Solution: proxy your request through Pipes, which will cache YQL reponse for ~1-2 hours so you get your data from cache in 0.4 seconds (average Pipes and YQL response time) instead of waiting 20s for it to generate. Again, if you need to control caching, you can add a timestamp to your urls. - Creating Open Tables is cumbersome. Its much easier and flexible to use YQL as a Server-Side JavaScript execution service that would get javascript code to execute and return the results.
Solution: create a single Open Table that would get a single "code" parameter executes it with eval(code) and returns results. Or create such service on your host. - YQL may change anything they like anytime they like: api, terms, pricing, request/bandwidth limits, start caching YQL response, extend cache for http requests, etc...
Solution: create your own server-side javascript service.
Currently I'm considering two solutions for these problems:
- Proxy service. Create a simple script on App Engine that should receive YQL query and cache interval (like 1 hour), get data from YQL and cache it using memcache. It should be a lot faster than YQL too. App Engine's response time is 150-200ms, while YQL's 400-450ms. It should solve 4, 7, 8 problems.

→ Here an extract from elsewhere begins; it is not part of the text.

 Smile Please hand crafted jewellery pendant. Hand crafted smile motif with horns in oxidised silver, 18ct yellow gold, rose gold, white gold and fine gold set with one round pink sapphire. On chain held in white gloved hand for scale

- Server-Side JavaScript service. Create a script on App Engine Java+Rhino that should get javascript code to execute and return its results. Its lots more powerful and faster than YQL, without any YQL limits. You get all Google App Engine apis, power and speed, and flexible pricing. You run on your domain. You have complete control how a script behave.

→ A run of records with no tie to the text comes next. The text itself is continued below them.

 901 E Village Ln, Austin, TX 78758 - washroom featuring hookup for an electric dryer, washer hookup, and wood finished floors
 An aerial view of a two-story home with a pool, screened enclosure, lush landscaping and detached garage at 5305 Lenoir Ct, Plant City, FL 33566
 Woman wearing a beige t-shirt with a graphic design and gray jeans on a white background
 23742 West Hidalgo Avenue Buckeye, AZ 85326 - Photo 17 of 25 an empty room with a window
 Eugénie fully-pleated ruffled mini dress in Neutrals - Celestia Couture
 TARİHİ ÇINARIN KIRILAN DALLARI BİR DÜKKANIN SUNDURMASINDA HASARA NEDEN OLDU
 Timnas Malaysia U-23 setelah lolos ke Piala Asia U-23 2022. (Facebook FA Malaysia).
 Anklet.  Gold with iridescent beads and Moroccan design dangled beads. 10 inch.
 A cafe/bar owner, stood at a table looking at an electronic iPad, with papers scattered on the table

Please share your thoughts below.
While I'm not really a fan of going through these one by one, let me try and address these.

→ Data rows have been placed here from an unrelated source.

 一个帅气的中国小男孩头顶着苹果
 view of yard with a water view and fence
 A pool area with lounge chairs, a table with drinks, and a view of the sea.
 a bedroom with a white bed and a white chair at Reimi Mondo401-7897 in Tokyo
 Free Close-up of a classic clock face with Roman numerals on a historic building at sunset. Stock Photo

1. Yes, we respect robots.txt and the rights of the content provider. Ignoring the intent of the provider is abusive and will only lead to problems for any application. Its not hard to block IPs or user agents.
2. Although have agreements with certain larger web sites, like Google (and obviously Yahoo web services have no such issues), this is an concern we are aware of. Twitter is especially tricky since they say one thing but the behavior of their system is different. We do forward the "last known valid" IP address connecting to YQL in the x-forwarded-for HTTP header, which web API providers could use instead of the IP's of our proxies. Unfortunately this is something of an education problem rather than a technical one. We send traffic from only a small number of proxies so providers would only need to add them to a list of IPs they would trust to be providing valid (unspoofed) x-forwarded-for header values, and use the IP specified there. We're also examining letting developers using YQL specify their own proxy servers, which I think would fit very well into your current model.
3. Yep, we clean the HTML up for parsing. Its based on tidy, which most people would use too.
4. "Secrets" can be separated in a number of ways - you could pass them as query parameters (which are substituted into the same parameter name @name when the YQL statement is parsed) when using the table over https for example. However, there are definitely situations where you don't want people to see the table definition and/or pass the secrets across, and its something we're working on too.
5. It gets blocked for a reason - its going over the unit or time quota we have set. Tables don't get blocked otherwise. Too many table blocks will result in an IP block too.
6. Yeah, it annoys us to. We've got a simple fix in the works.
7. Caching by *default* is 5 minutes. You can fully configure this in your open data tables by specifying the cache-control headers yourself.
8. Yep, thats not good for us either. We're working on it.
9. Right. Open Data Tables are designed to provide logical sets (or rows) of data, not to be an app engine. Are you thinking of something like "stored procedures" for your needs?
10. Sure, you can build it yourself.
Remember YQL is an evolving product. We're not "done". We don't just push it out once a year, but make changes continuously. Sometimes the new capabilities we add require other great functionality to come later. If there is something we can add that makes sense we'll add it. Why not let us know what's up with the HTML tidy and we'll see what we can do.
Thanks for your questions and concerns. I hope my answers help. Its good, from our perspective, to see that the things we have identified ourselves as needing addressing, will be valuable.
Jonathan